Changes in femoral 3D-DXA cortical and trabecular indices in postmenopausal women with early breast cancer treated with aromatase inhibitors: a prospective study of the B-ABLE cohort

Objectives

This observational prospective study evaluated bone changes using 3D-DXA in the B-ABLE cohort of postmenopausal women with early breast cancer receiving aromatase inhibitors (AI).

Study design

Hip DXA scans were performed before initiating AI therapy and on a yearly basis until its completion: 5 years of AI therapy (5y-AI group) or 2–3 years of AI therapy after switching from 2 or 3 years of tamoxifen (pTMX-AI group). 3D-DXA analysis was performed using 3D-Shaper® software. Patients with osteoporosis or high fracture risk at baseline started antiresorptive treatment (ARP).

Main outcome measures

Cumulative changes in areal bone mineral density (aBMD) and 3D-DXA-derived parameters, including cortical surface BMD, cortical thickness, and integral, cortical, and trabecular volumetric BMD (vBMD), were evaluated by linear mixed models considering ARP and previous tamoxifen treatment.

Results

Of a total of 785 women included, 191 (24.3 %) started ARP at baseline. Non-ARP-treated patients had a decrease of more than 4 % in all bone parameters at the end of AI treatment, except cortical thickness, which displayed minimum changes. Women previously treated with TMX had significantly greater losses in most parameters, which occurred mainly during the first year of AI treatment.

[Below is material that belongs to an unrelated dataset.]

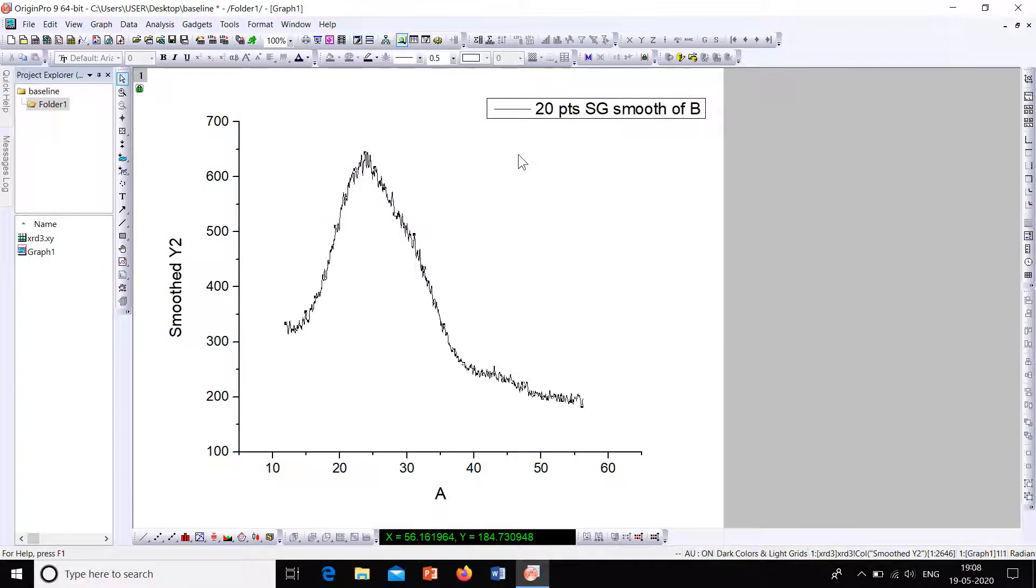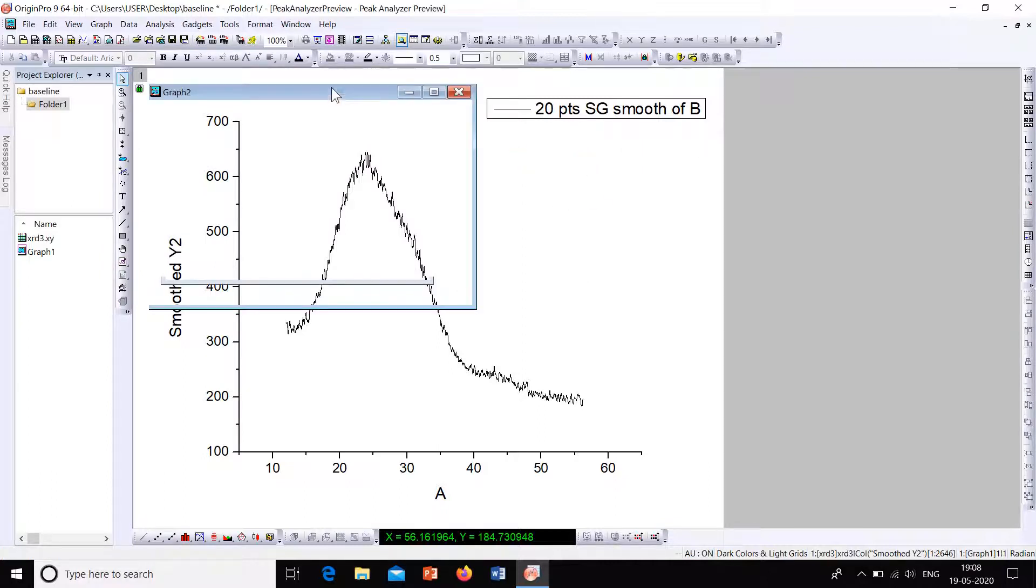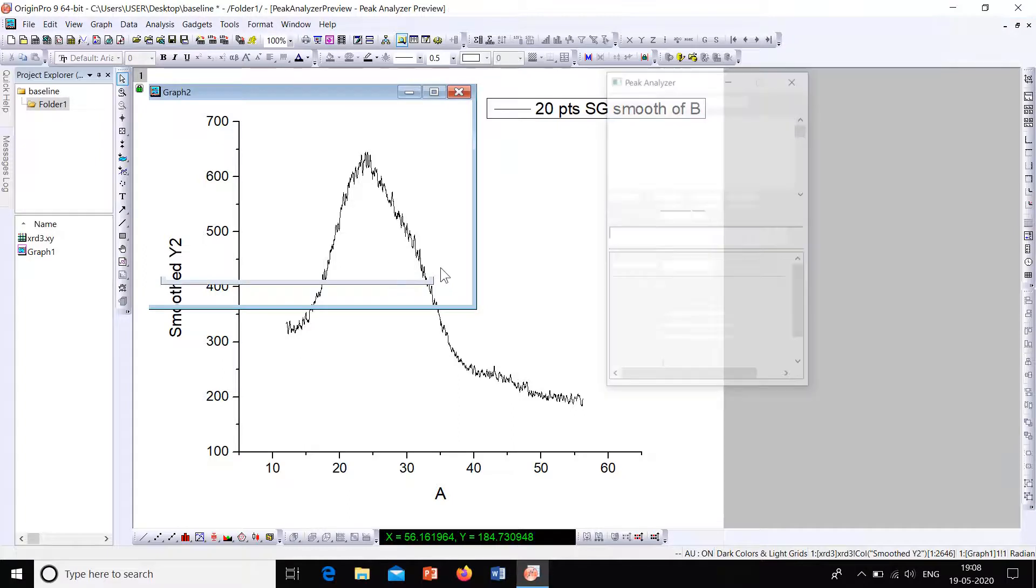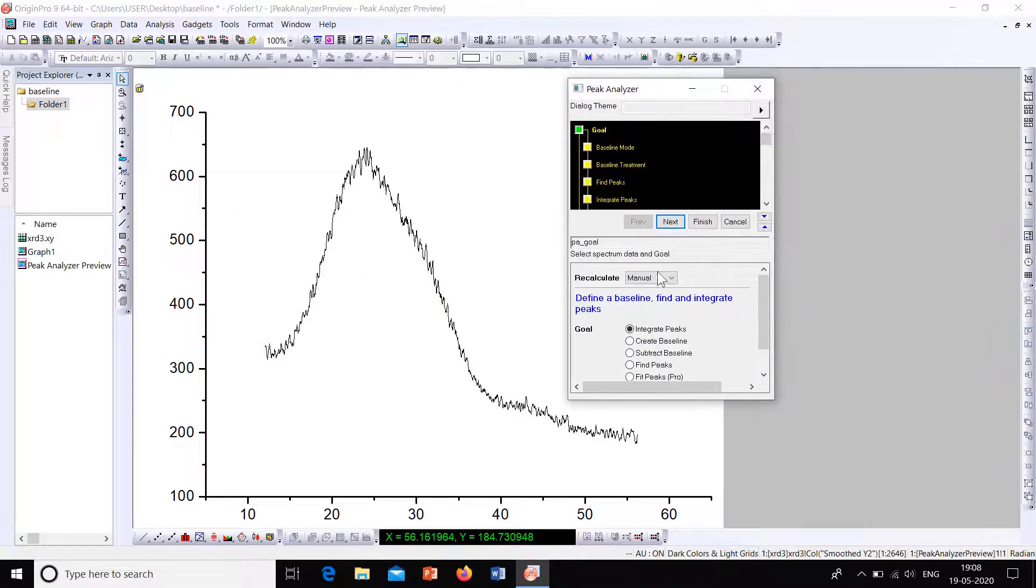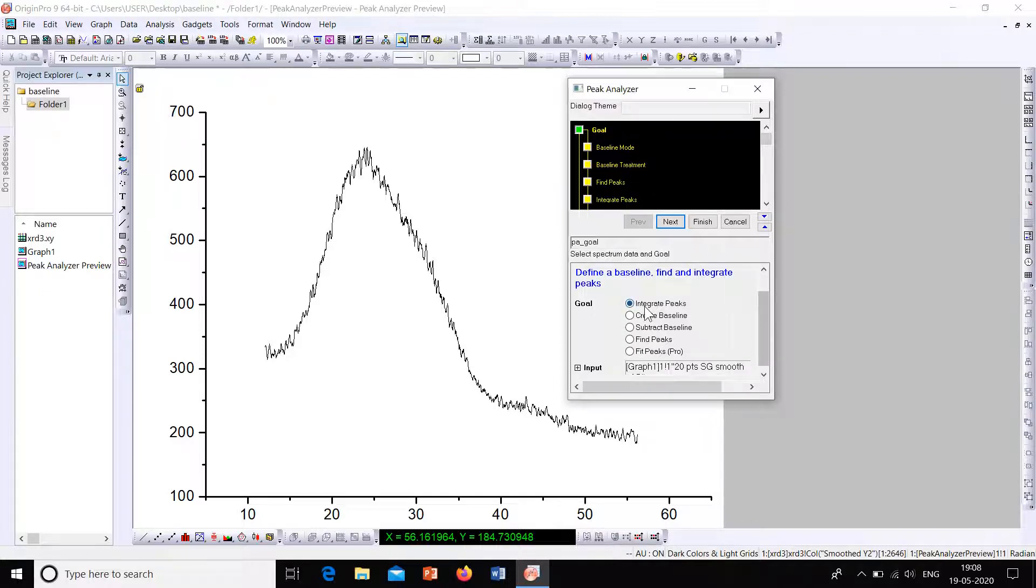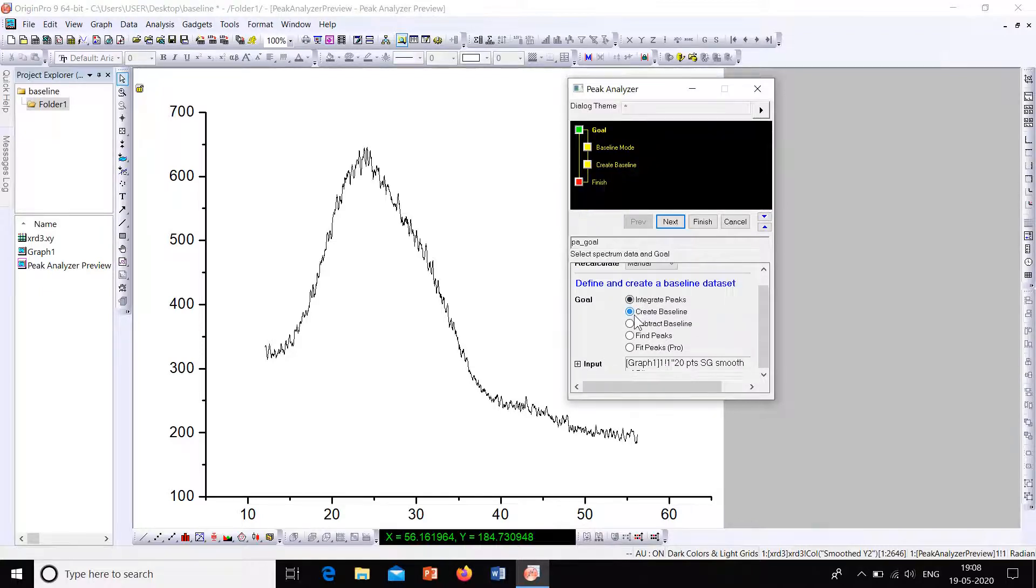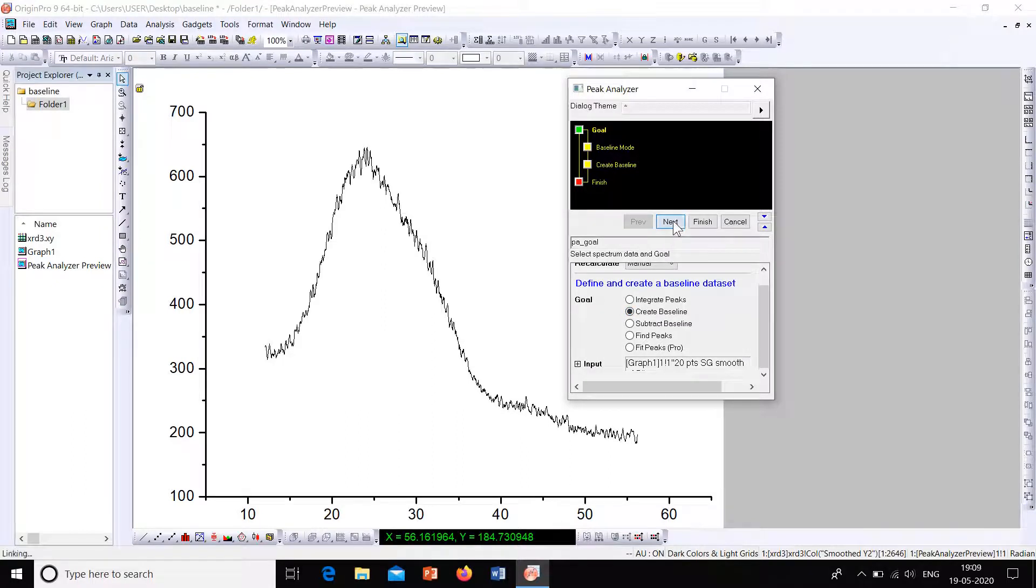Now we will have a window. So this is the window. Here we have to give the inputs. Here click onto the option Create Baseline and then click onto Next.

In ARP-treated patients, a significant increase was detected in all bone parameters, especially in the 5y-AI group. Denosumab showed greater efficacy than bisphosphonate in improving most bone parameters.

Conclusions

3D-DXA provides deeper insights into the detrimental changes in the cortical and trabecular bone compartment caused by AI, and how ARP can prevent these effects.